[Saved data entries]
::::
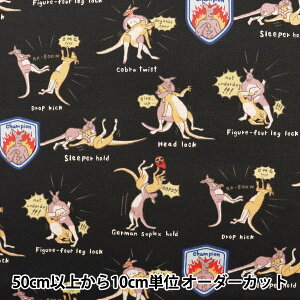 y5z n wcC JK[vX ubN KTS6806-Ex COTTON KOBAYASHI Rbg΂₵ ё@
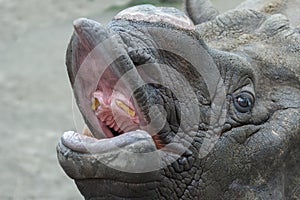 Adult male Indian rhinoceros close-up head with removed single horn opening its mouth baring teeth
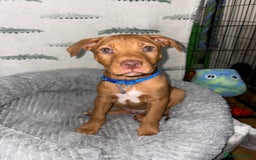 Mixed Breed dogs for sale: 6 Beautiful Fur Babies - Image 8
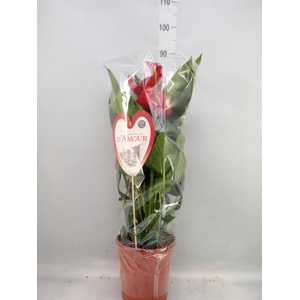 Anthurium andr. 'Red Bull'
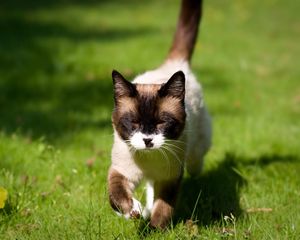 Preview wallpaper cat, squinting, grass, siamese, walking, sunshine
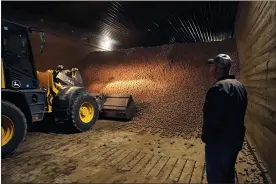  ?? CARLOS OSORIO — THE ASSOCIATED PRESS ?? Potato farmer Brian Sackett watches as potatoes are moved from a storage bin at his farm in Mecosta, Mich. For generation­s, Sackett’s family has farmed potatoes that are made into chips. About 25% of the nation’s potato chips get their start in Michigan, which historical­ly has had reliably cool air during September harvest and late spring but now is getting warmer temperatur­es.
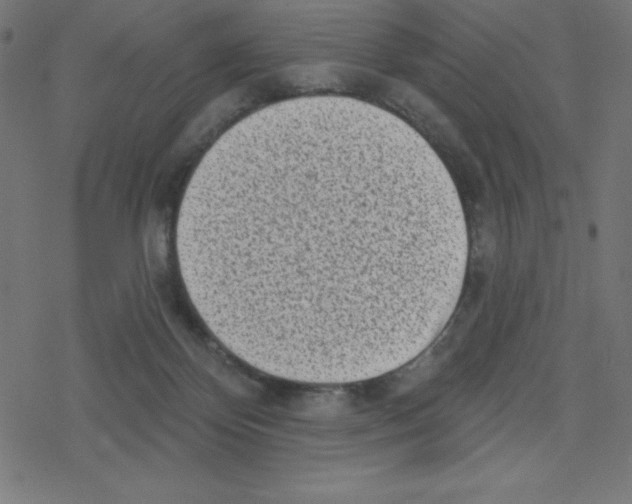 X0000078250124200612011639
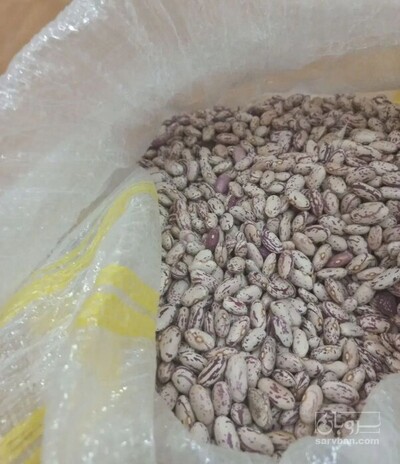 فروش لوبیا چیتی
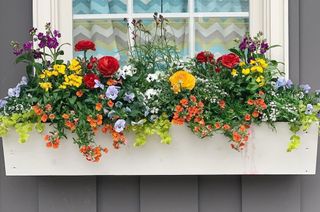 a colorful planted window box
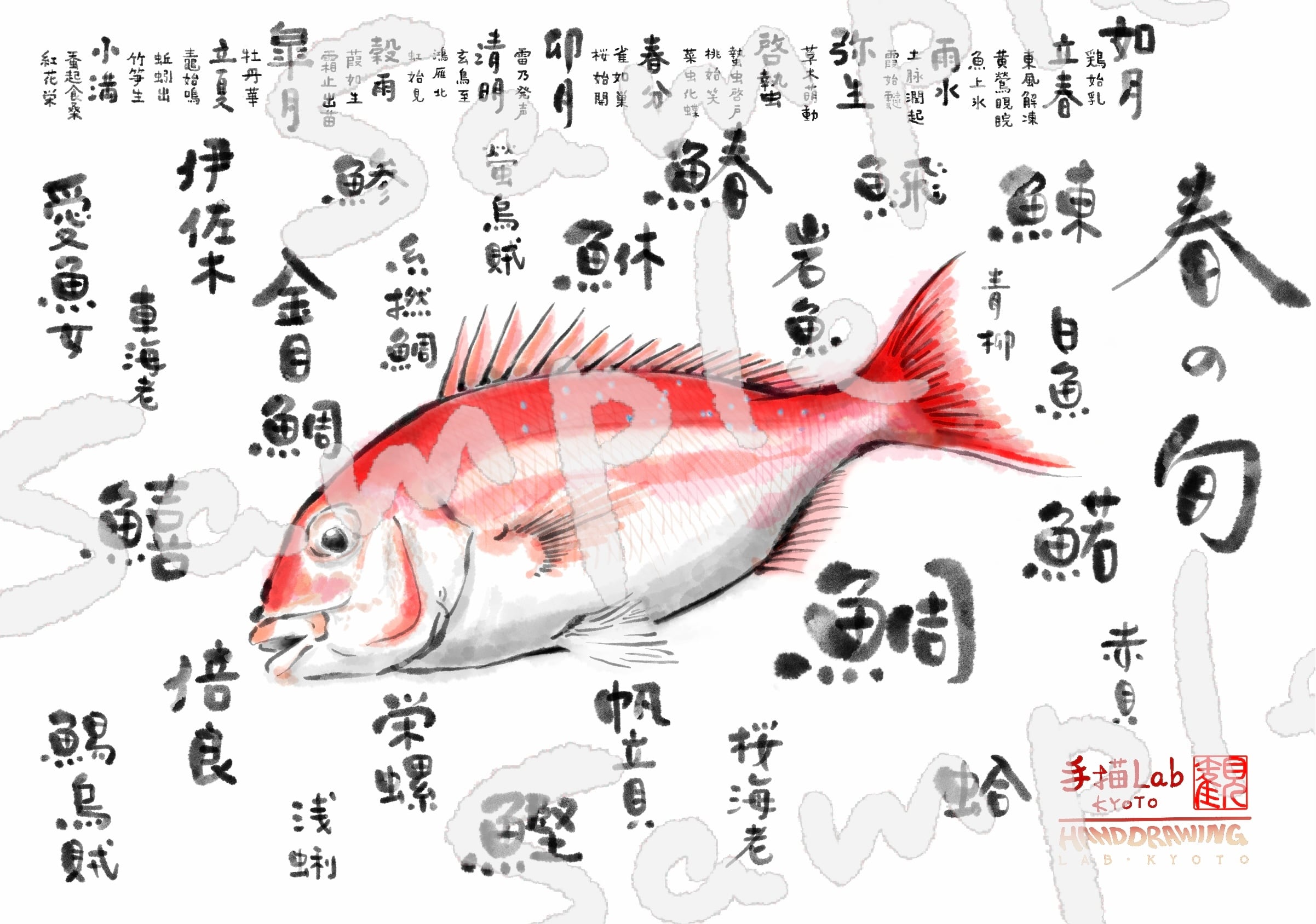 春の旬 A1ポスター（鯛） | 手描きDESIGN Lab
::::
[ASSIGNMENT]
Set down every entry above verbatim, without pictures.

[RESULT OF THE EXERCISE]
 y5z n wcC JK[vX ubN KTS6806-Ex COTTON KOBAYASHI Rbg΂₵ ё@
 Adult male Indian rhinoceros close-up head with removed single horn opening its mouth baring teeth
 Mixed Breed dogs for sale: 6 Beautiful Fur Babies - Image 8
 Anthurium andr. 'Red Bull'
 Preview wallpaper cat, squinting, grass, siamese, walking, sunshine
  ?? CARLOS OSORIO — THE ASSOCIATED PRESS ?? Potato farmer Brian Sackett watches as potatoes are moved from a storage bin at his farm in Mecosta, Mich. For generation­s, Sackett’s family has farmed potatoes that are made into chips. About 25% of the nation’s potato chips get their start in Michigan, which historical­ly has had reliably cool air during September harvest and late spring but now is getting warmer temperatur­es.
 X0000078250124200612011639
 فروش لوبیا چیتی
 a colorful planted window box
 春の旬 A1ポスター（鯛） | 手描きDESIGN Lab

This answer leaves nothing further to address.